Fragmented ecosystems and limited supply: Why China cannot break free from Nvidia hardware for AI

(Image credit: Nvidia)

Last week saw major twists in China's AI landscape: Trump imposed a 15% sales tax on AMD and Nvidia hardware sold to China, Beijing froze new Nvidia H20 GPU purchases over security concerns, and DeepSeek dropped plans to train its R2 model on Huawei’s Ascend NPUs — raising doubts about China's ability to rely on domestic hardware for its AI sector.

As part of its recurring five-year strategic plans, China's long-stated goal has been to gain its own technological independence, particularly in new and emerging segments that it sees as key to its national security. However, after years of plowing billions into fab startups and its own nascent chip industry, that country still lags behind its Western counterparts and has struggled to build its own truly insulated supply chain that can create AI accelerators. Additionally, the country lacks an effective software ecosystem to rival Nvidia's CUDA, creating even more challenges. Here's a closer look at how this is impacting the country's AI efforts.

China wants to rely on its own hardware

China has had a self-sufficiency plan for its semiconductor industry in general since the mid-2010s. Over time, as the U.S. imposed sanctions against the People's Republic's high-tech sectors, the plan evolved to address supercomputers (including those capable of AI workloads) and fab tools. In 2025, China has created several domestic AI accelerators, and Huawei has even managed to develop its rack-scale CloudMatrix 384.

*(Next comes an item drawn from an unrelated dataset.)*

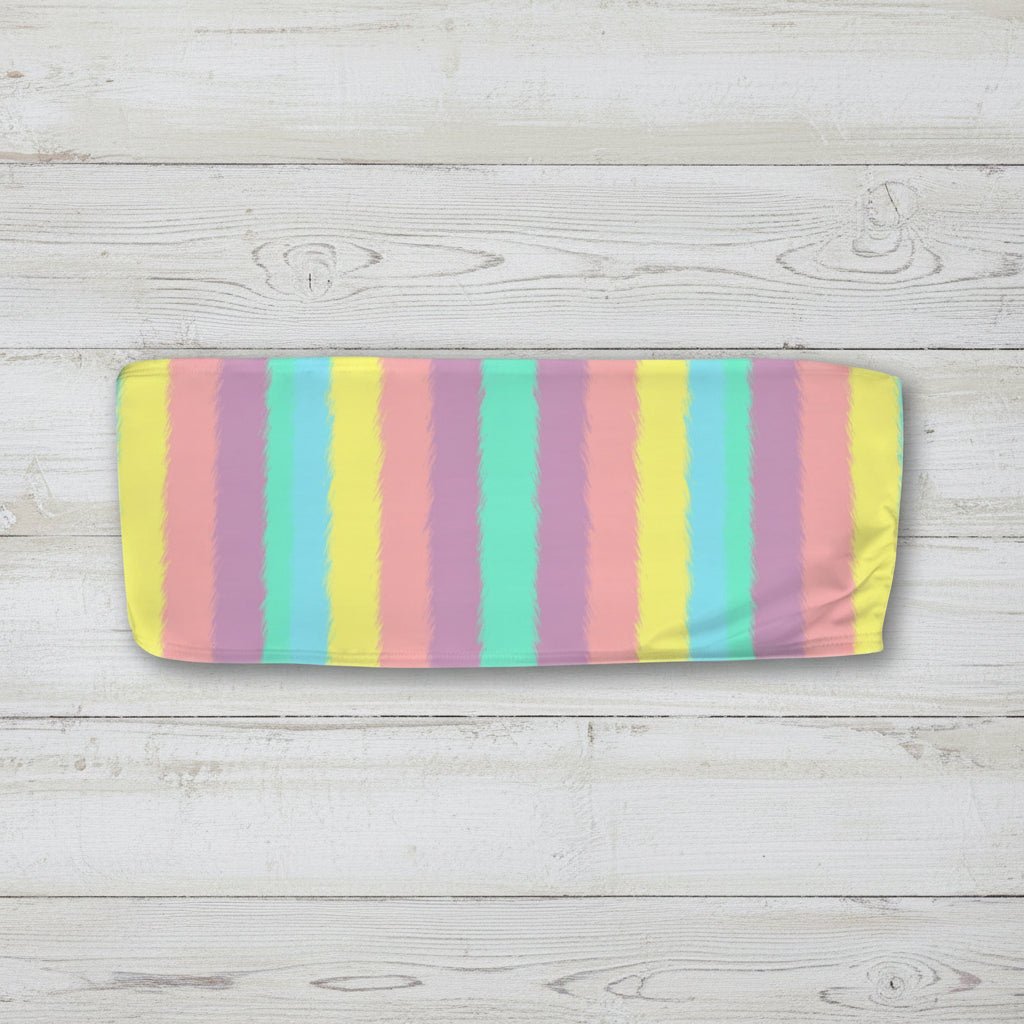 Pastel striped bandeau top on a nautical wood background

However, ever since the AI Diffusion Rule was canned, and the incumbent Trump administration banned sales of AMD's Instinct MI308 and Nvidia's HGX H20 to Chinese entities, the PRC doubled down on its efforts to switch crucially important AI companies to using domestic hardware.

As a result, when the U.S. government announced plans to grant AMD and Nvidia export licenses to sell their China-specific AI accelerators to clients in the People's Republic, U.S. President Trump announced an unprecedented 15% sales tax on AMD's and Nvidia's hardware sold to China.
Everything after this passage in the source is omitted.